Anyway, here's an easy (and relatively tidy) way to start some seeds on a sunny window sill in your house. All you need are some cardboard egg cartons, seeds, tin foil, and either starter pods or some potting soil. This is also a great way to preserve those sometimes pricey pods, as you'll be splitting them up.
I use cardboard egg cartons because they can be snipped into sections and put directly into the ground once the seedling is ready. Or into a larger pot if the plant starts to outgrow the carton faster than the weather can shape up.
Cardboard, as you probably well know, is not waterproof. So if you just sat your dirt and seeds in the egg carton and watered it, you'd pretty much end up with a compost pile in your window sill. Unsurprisingly, this is not the desired outcome.
This is where the tin foil comes in. First cut your carton in half. Then line the inside of the top with tin foil (I suppose cling wrap would work too...?) and nestle the bottom down into the top. Snap, she's a genius.
Now, if you have pods, unwrap them and break them in half. Put a half in each egg hole (heh) and fill the carton to the brim with water. Let it sit for about 10 minutes, or until all the water has absorbed. I haven't done this with potting soil I must admit, but I imagine you'd just pour that in there. Easy peezy.
Break apart the pods with your fingers. If you get to the end and think there's not enough dirt, break one of the remaining halves into thirds and add an additional third to each compartment. Also, if the pods don't break apart easily, add more water and wait for it to absorb. If you get the soil completely saturated, that's okay too. Germinating seeds like that.*
*(I did not know that. I've always been afraid of drowning my seeds. I got mad at
one of my cartons, though, and flooded it repeatedly for a couple of days, and the plants SHOT out of the dirt. Live and learn.)
Now at this point you might be thinking, "Uh, wouldn't it be easier to just stick a whole pod in each thing? Gosh she's a cheap ass."
To which I would respond,
No, it wouldn't be. And yes, yes I am.
Here's the thing, the very first batch I did was a nightmare. I stuck a pod in each one and almost immediately realized that that was not the best idear. The pods lost more water than they retained, which means I ended up soaking them twice a day, and they were almost always dry when I came back. They were also pretty hard, and the day that I took these pictures I realized that most, if not all of the seeds had started to hatch underneath the pods. They couldn't burrow down into the packed soil, and that combined with the frequent waterings washed them away.

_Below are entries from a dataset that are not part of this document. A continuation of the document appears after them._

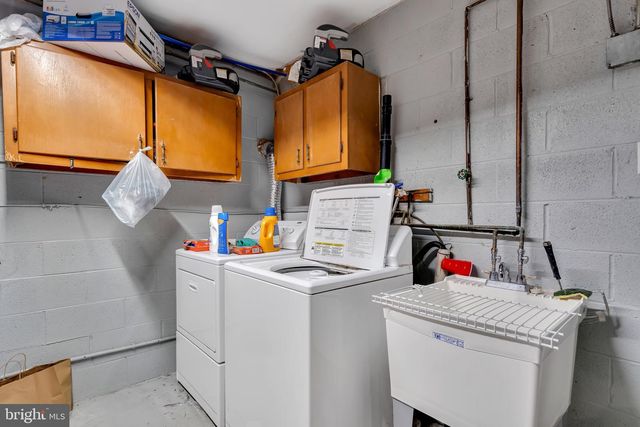 5926 BERRY DR, Mays Landing, NJ 08330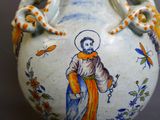 un vase sur lequel figure la photo d'un homme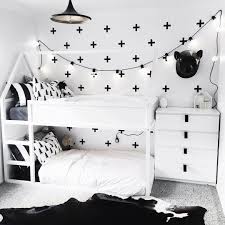 Ikea denildiğinde akla ilk gelen belki de marka ile özdeşleşmiş bir duvar kâğıdı modeli çizgili duvar kâğıtlarıdır. Bekijk Deze Instagram Foto Van Machouseblanc 32 Vind Ik Leuks Ikea Ranza Yatak Ranzalar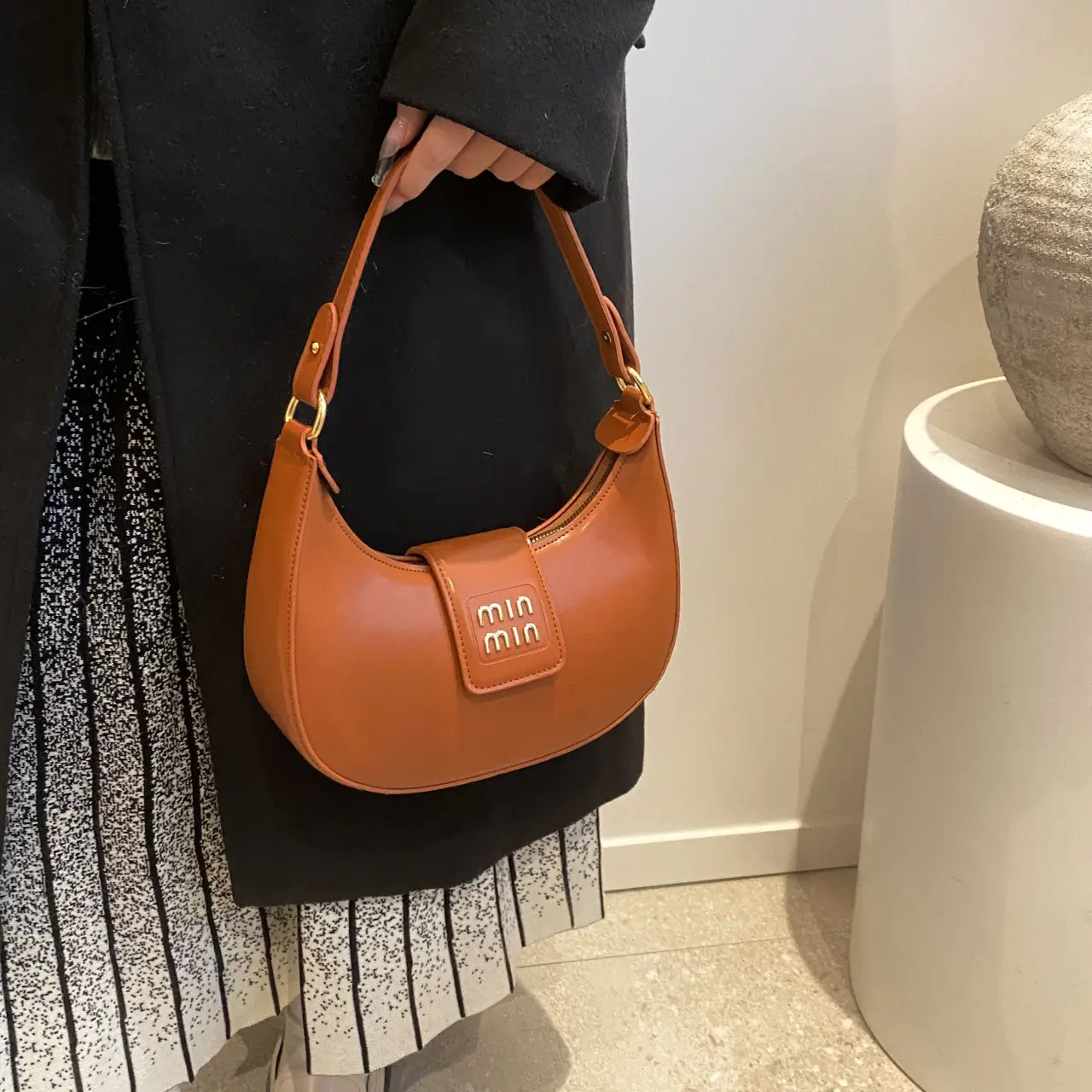 Women's Retro Crossbody Bag Brown Leather Commuter Style — feature 31
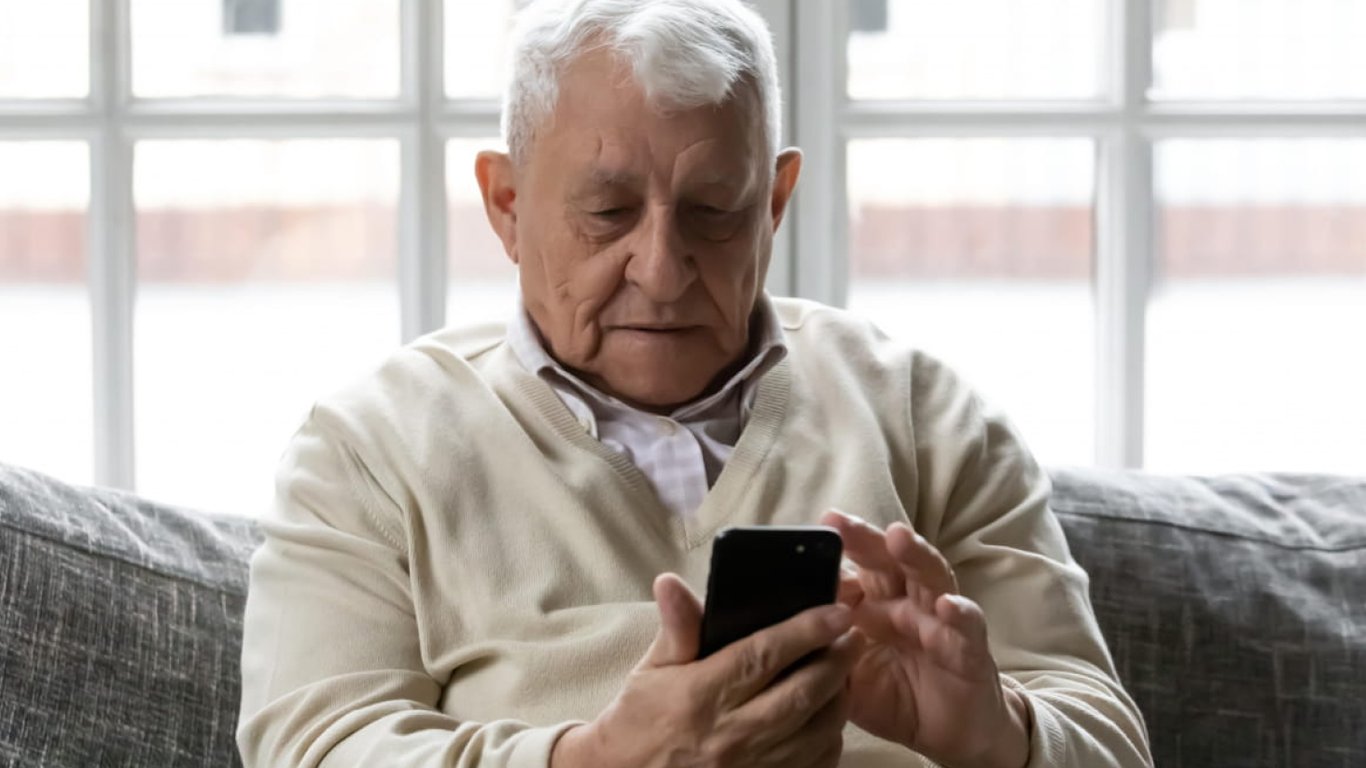 ПФУ попереджає про фейки у мережі — що треба знати пенсіонерам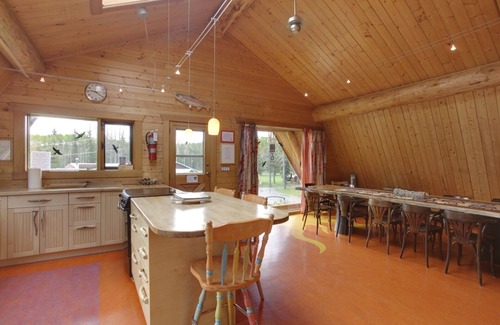 Calgary Cabin | The Beaver House - Beautiful, modern log home - Only 30 minutes from Calgary.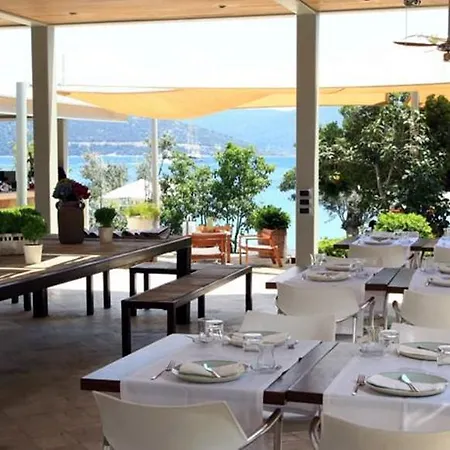 Hotel No81 5*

In tact pods compared to broken up ones.
In the end, though, both work. But I find (as with many other situations in gardening...and life) that a bit of work up front saves you a hassle later on. I can water the broken up pods once every other day and they stay saturated. There were also seeds germinating in a matter of days with those.
Most of my 'maters pulled through. This was today. Oh, I almost forgot, the tab on the side makes a great spot to label what you've planted!
Good luck with your Spring projects!
And may you have lovely weather as well.